Attorney general Mukul Rohatgi said parties to all the petitions brought before high courts challenging the 8 November move should make their case in the apex court at the next hearing.
This was opposed by Kapil Sibal, the counsel appearing for the petitioners who have approached the Supreme Court challenging the demonetisation. A consolidated hearing would be impossible since different aspects of demonetisation were being challenged in different cases, he said.
He also sought an earlier hearing and told the court that he was prepared with all the specific data from authorities like the Reserve Bank of India which would aid the court.
“It is not a good idea to have all parties together. The court should first decide the question of constitutional validity of the scheme as the ancillary issues would also depend on that.” Sibal added.

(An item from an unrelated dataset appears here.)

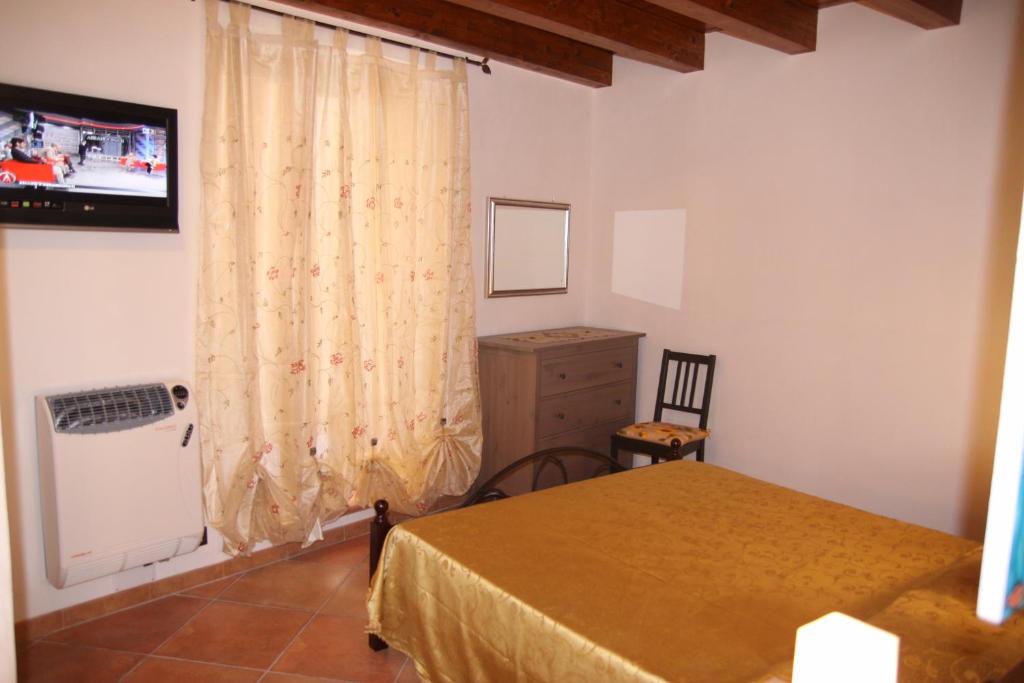 a bedroom with a bed and a dresser and a television at La Finestra Sotto La Rocca in Cefalù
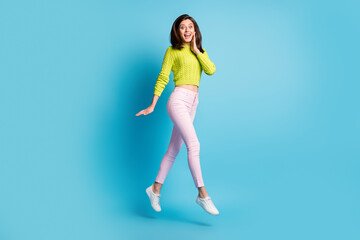 Fototapeta na wymiar Photo portrait full body view of cute woman jumping up walking touching face cheek with hand isolated on pastel blue colored background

Rohatgi had earlier told the court that the situation following the 8 November demonetisation move, which led to a cash crunch and long queues forming outside banks and ATM kiosks was improving.
An affidavit submitted by the Centre on 24 November said that the RBI and the finance ministry were constantly monitoring the distribution of all denominations of bank notes to ease the inconvenience being experienced the by public.
The court has made it clear that while it will not interfere with the government’s economic policy, inconvenience caused to the people will be monitored by the court. At least four public interest litigation cases have been filed before the apex court.
Prime Minister Narendra Modi, in a televised address to the nation on 8 November, said Rs500 and Rs1,000 banknotes will cease to be legal tender as part of a crackdown on black money, and counterfeit currency notes that go towards funding terrorist groups.